# WHAT IS NEEDED
Nothing but the lines from the one that holds "Vintage Egg Basket Etsy" through the end of the material should be repeated, each exactly as it stands, and pictures stay out.

# DATA EXCERPT
*** Begin section ***
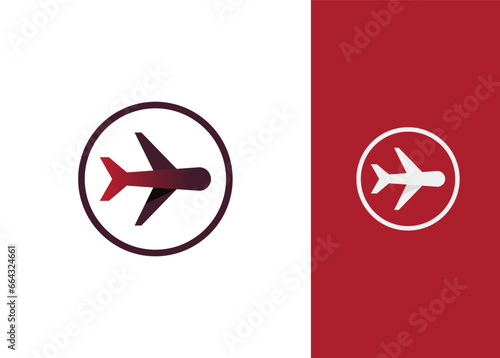 modern plane logo set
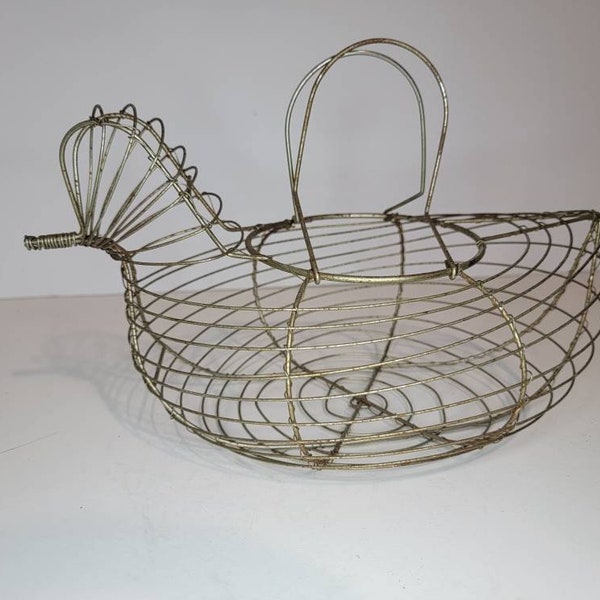 Vintage Egg Basket Etsy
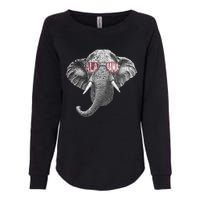 Alabama Elephant Lovers Womens California Wash Sweatshirt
*** End section ***
# SOLUTION BELOW
 Vintage Egg Basket Etsy
 Alabama Elephant Lovers Womens California Wash Sweatshirt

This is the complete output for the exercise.